As I fell off the mountain, I learnt all about grade inflation
Nah, I thought, this can’t be right. I looked over the edge, and scrabbled like a beetle on the lip of a huge white bath. This can’t be the piste, I whispered to myself, as the wind whipped up thin dusty flurries of snow around my skis, and the sweat of fear chilled instantly on my brow.
I had just slipslid along a snake-like defile on the top of an 8,000ft peak, and now the route required me to launch myself down the slope.
Except that this wasn’t a slope, so much as a rash of hideous round protuberances on the wall of a precipice. These moguls were not your normal manageable moguls, like gigantic lumps of mashed potato. They were freakishly hollowed out on the uphill side, like waves frozen in the act of breaking, and as I stared at them I could just imagine how their jaws would catch the edge of my skis and flip me out and down into the void, and – aaargh.
No, it had to be a mistake. There had to be a sensible route down. For an ignoble second, I thought of undoing my bindings and grovelling back up the couloir. Until I remembered that I had just passed an English family higher up. They would spot me. My humiliation would be too obvious.
So I looked again down the slope, and saw that it was indeed a ski run, in the sense that there were other people on it. To be exact, there were two people – a ski instructor pleading with a poor woman who was apparently digging a bivouac for herself between the moguls.
Just as I was trying to work out which was worse – the shame of retreat or the terror of advance – I heard a hissing of skis behind me, and realised that my 12-year-old was trying to pass me and the time for hesitation was over.
As I slid over the edge, I cursed, and do you know what I cursed? I cursed grade inflation, and the illusion of accomplishment it can bring. After a couple of days in Courchevel, I had formulated an explanation for the vast annual migration of Brits to this French resort.

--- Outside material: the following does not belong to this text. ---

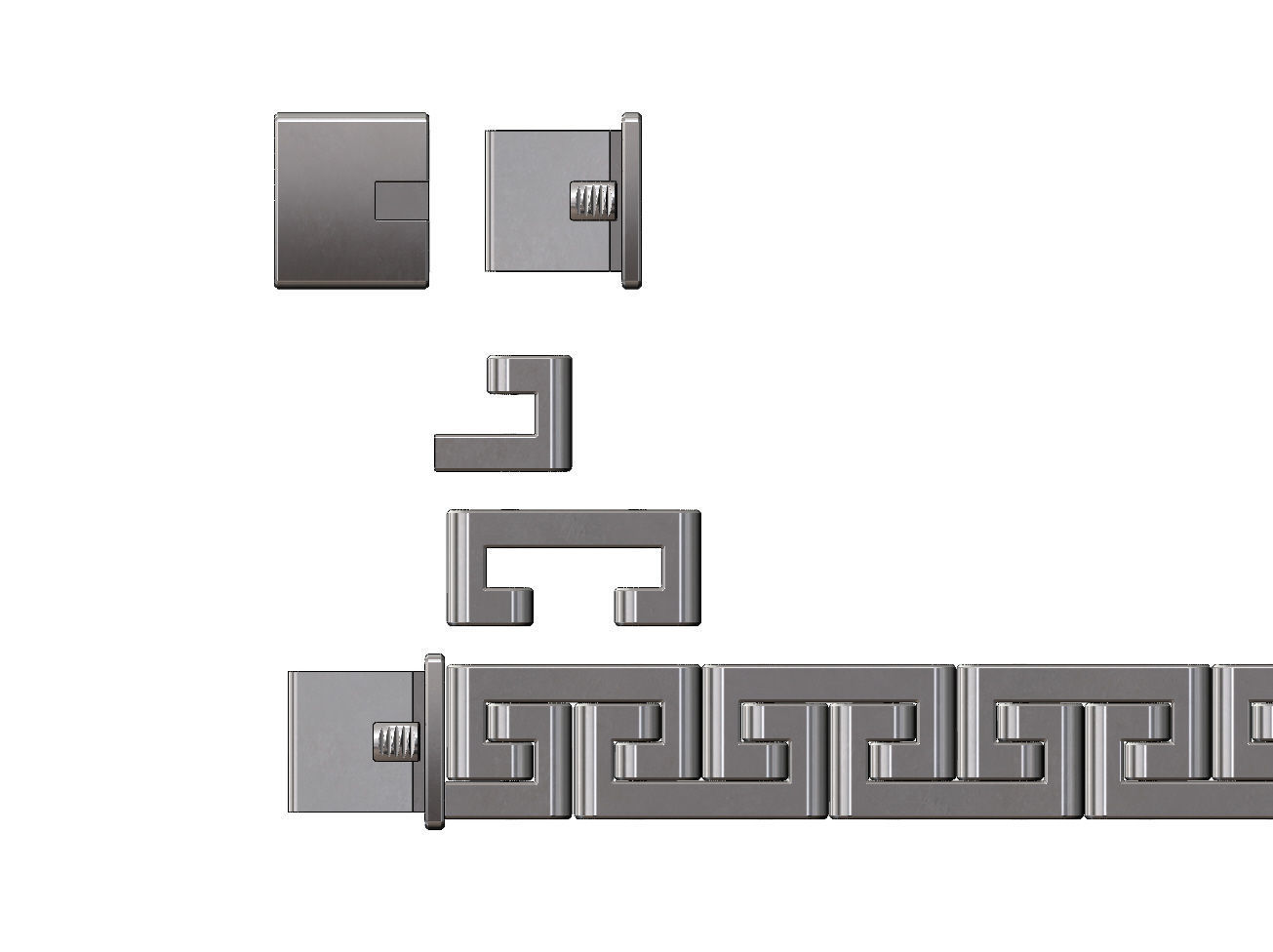 Greek key pattern wristband bracelet and chain  3D print model_2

Ski runs are divided into Greens (peasy), Blues (pretty easy), Reds (Hmmm) and Blacks (Yikes) but at Courchevel the authorities have done a cunning trick and almost all the “Black runs” are frankly so pounded and manicured as to be nothing more than undulating motorways, about as precipitous as the M40 wending through the Chiltern Gap; and these soi-disant Blacks so perfectly flatter the talents of us hopeless-to-intermediate British skiers that the hills are alive with the sound of Harry looking for Harriet, and at the bottom of every run you will find Fiona or Smanfa on her mobile telling someone they are breaking up and can they all meet at the Panoramique, and as we bray and hoot our way round the bars and restaurants, you can see the smiles getting ever tauter on the faces of the French locals, their mood only momentarily improving when they hear the happy electronic chunter of the British credit cards being accepted into the maw of French credit card machines; and we are paying not just for the quality of the night life, my friends. We are paying for that unbeatable feeling of distinction of prestige that goes with skiing a Black run; and who can blame us?
Would you rather descend a Courchevel Black run with the merest shimmy of the hips and twiddle of the poles? Or would you rather slide down a real Black run, ones of those bowls of death, in a tangle of shaken bones and scraped skin?

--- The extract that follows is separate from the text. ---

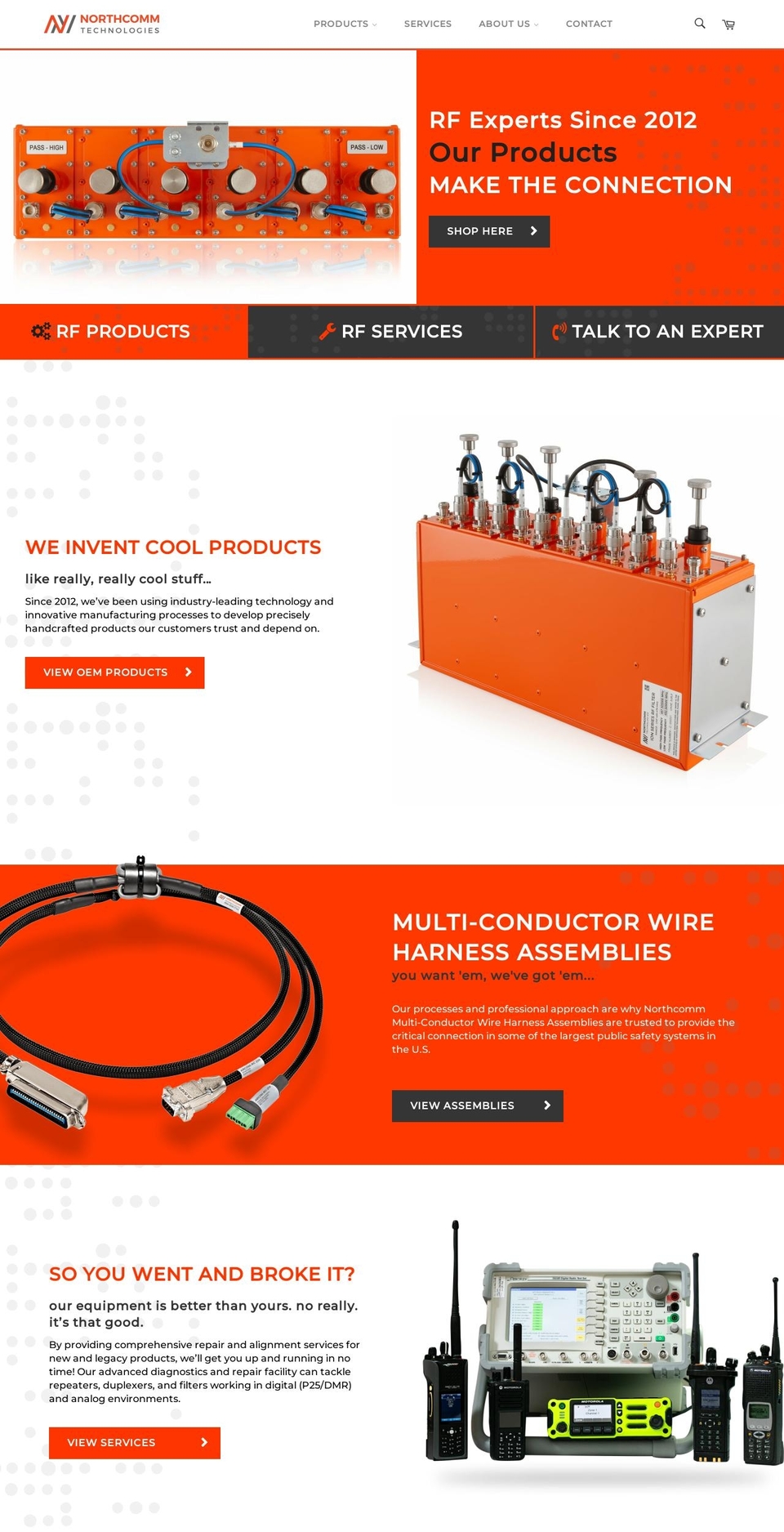 North Shopify theme site example northcommtechnologies.com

We go to Courchevel for the ego boost, the reassurance, for the chance to brag to our friends how we really caned it down that Blackie, and, in so far as Courchevel appears to be deliberately dumbing down its toughest runs, the resort poses a central question of educational psychology.

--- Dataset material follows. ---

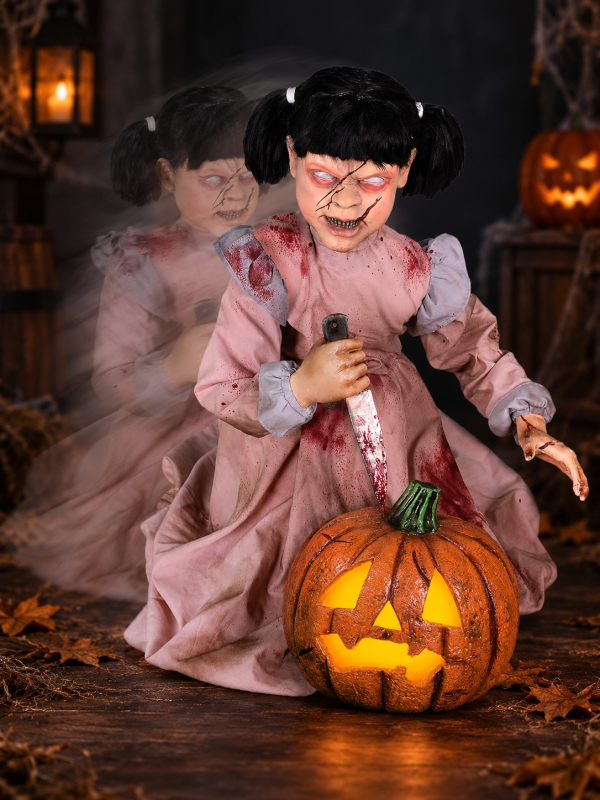 Automate Halloween Fille Zombie Sculptrice de Citrouille Bondissante – Exclusivité Déguiz-Fêtes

It is one thing to boost people’s confidence and attract their custom. But at what cost to truth? Every morning you see the Panzer-like piston-bullies go up to munch the moguls, and in the same way British educational establishments are competing to masticate the syllabus and make the marks of excellence more easily attainable.
There are more A grades at A-level than ever before, and there seems no doubt that universities are subtly competing to give students more of the big prizes – the first and upper seconds – and, although no university would admit it, they know it pays to be generous.
Not only are universities partly ranked according to the number of Firsts they dish out, but, if you were a candidate hesitating between two rival establishments, you’d surely go to the one where you were more likely to be clapped on the back and told that you’d knocked off the academic equivalent of the Black run.
Wouldn’t that be better than some place where they say: Sorry chum, those Blacks are too steep for you; you’re a Red piste man at best?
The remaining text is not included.